- _Work order_:
Below are some records; output exactly the lines from the line with "Assorted Movable Rhinestone" to the line with "PAVOI 14K Gold", both ends kept, and nothing more.

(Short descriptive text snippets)
-.-.-
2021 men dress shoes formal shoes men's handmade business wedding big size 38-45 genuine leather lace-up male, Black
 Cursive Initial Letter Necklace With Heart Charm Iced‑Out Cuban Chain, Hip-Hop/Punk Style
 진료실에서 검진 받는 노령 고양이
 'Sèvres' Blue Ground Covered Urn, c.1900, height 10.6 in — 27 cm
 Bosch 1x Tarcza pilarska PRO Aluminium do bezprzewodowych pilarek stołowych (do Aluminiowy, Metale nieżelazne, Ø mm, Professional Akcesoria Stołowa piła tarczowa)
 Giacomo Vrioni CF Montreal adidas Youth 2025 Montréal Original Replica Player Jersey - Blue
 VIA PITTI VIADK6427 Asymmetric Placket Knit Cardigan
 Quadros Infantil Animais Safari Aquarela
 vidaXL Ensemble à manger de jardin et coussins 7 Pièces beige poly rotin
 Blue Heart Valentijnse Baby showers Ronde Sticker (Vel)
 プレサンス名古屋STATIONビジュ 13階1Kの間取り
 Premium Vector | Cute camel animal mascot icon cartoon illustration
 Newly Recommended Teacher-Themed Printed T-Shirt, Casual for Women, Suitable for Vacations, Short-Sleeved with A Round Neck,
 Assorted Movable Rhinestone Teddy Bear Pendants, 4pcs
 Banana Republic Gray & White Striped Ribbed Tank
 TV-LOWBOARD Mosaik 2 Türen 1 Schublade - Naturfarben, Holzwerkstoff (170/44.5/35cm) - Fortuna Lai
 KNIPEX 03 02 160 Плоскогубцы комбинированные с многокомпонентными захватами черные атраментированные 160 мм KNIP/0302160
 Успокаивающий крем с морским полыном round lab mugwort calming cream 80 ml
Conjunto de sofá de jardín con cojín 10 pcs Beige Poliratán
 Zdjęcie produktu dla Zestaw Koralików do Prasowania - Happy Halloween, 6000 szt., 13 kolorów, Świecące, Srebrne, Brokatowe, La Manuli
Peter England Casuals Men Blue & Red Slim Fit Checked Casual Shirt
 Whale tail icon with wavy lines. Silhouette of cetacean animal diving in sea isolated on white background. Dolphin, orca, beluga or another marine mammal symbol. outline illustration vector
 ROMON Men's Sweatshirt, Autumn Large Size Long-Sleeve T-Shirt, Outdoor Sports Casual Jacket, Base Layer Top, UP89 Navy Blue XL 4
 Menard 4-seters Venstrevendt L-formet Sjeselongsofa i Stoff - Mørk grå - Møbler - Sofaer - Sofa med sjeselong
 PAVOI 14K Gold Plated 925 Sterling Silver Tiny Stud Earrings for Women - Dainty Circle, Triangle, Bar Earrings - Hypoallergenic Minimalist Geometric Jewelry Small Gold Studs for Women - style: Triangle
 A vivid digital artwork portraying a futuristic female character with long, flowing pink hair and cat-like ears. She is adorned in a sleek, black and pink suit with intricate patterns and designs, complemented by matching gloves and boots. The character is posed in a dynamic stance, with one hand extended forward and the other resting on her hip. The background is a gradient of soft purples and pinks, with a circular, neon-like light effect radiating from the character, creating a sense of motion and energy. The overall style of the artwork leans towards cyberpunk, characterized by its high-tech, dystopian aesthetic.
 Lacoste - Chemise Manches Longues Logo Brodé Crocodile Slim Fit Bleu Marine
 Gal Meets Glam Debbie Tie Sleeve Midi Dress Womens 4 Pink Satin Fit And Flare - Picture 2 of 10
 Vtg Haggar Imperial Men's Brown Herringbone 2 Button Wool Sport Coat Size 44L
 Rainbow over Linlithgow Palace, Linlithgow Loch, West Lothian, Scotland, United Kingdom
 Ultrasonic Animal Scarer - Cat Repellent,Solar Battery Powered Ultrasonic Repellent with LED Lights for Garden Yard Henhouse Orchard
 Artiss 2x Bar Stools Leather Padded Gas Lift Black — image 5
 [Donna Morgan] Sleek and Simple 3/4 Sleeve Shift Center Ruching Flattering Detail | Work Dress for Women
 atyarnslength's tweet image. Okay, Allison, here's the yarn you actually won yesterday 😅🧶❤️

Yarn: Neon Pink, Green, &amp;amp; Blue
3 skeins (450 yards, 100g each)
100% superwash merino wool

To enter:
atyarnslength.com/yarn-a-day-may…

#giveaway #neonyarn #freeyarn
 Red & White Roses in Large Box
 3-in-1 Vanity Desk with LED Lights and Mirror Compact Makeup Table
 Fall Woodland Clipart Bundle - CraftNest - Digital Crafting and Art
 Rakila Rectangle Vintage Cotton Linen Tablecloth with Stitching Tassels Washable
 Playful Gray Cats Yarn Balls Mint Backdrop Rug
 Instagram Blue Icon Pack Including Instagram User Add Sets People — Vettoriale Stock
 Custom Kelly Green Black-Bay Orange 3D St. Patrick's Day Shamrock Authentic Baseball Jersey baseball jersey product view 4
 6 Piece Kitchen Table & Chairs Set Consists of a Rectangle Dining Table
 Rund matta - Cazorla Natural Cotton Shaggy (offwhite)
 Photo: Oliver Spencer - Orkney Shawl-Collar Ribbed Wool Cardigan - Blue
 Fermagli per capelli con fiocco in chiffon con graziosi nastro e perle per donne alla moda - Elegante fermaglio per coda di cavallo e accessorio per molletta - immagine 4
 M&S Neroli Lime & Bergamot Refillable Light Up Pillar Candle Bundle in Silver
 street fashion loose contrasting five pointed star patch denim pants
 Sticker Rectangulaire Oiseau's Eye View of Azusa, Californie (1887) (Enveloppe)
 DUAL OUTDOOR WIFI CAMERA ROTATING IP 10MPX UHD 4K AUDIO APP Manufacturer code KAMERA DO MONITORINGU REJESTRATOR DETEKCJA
-.-.-
- _Response box_:
 Assorted Movable Rhinestone Teddy Bear Pendants, 4pcs
 Banana Republic Gray & White Striped Ribbed Tank
 TV-LOWBOARD Mosaik 2 Türen 1 Schublade - Naturfarben, Holzwerkstoff (170/44.5/35cm) - Fortuna Lai
 KNIPEX 03 02 160 Плоскогубцы комбинированные с многокомпонентными захватами черные атраментированные 160 мм KNIP/0302160
 Успокаивающий крем с морским полыном round lab mugwort calming cream 80 ml
Conjunto de sofá de jardín con cojín 10 pcs Beige Poliratán
 Zdjęcie produktu dla Zestaw Koralików do Prasowania - Happy Halloween, 6000 szt., 13 kolorów, Świecące, Srebrne, Brokatowe, La Manuli
Peter England Casuals Men Blue & Red Slim Fit Checked Casual Shirt
 Whale tail icon with wavy lines. Silhouette of cetacean animal diving in sea isolated on white background. Dolphin, orca, beluga or another marine mammal symbol. outline illustration vector
 ROMON Men's Sweatshirt, Autumn Large Size Long-Sleeve T-Shirt, Outdoor Sports Casual Jacket, Base Layer Top, UP89 Navy Blue XL 4
 Menard 4-seters Venstrevendt L-formet Sjeselongsofa i Stoff - Mørk grå - Møbler - Sofaer - Sofa med sjeselong
 PAVOI 14K Gold Plated 925 Sterling Silver Tiny Stud Earrings for Women - Dainty Circle, Triangle, Bar Earrings - Hypoallergenic Minimalist Geometric Jewelry Small Gold Studs for Women - style: Triangle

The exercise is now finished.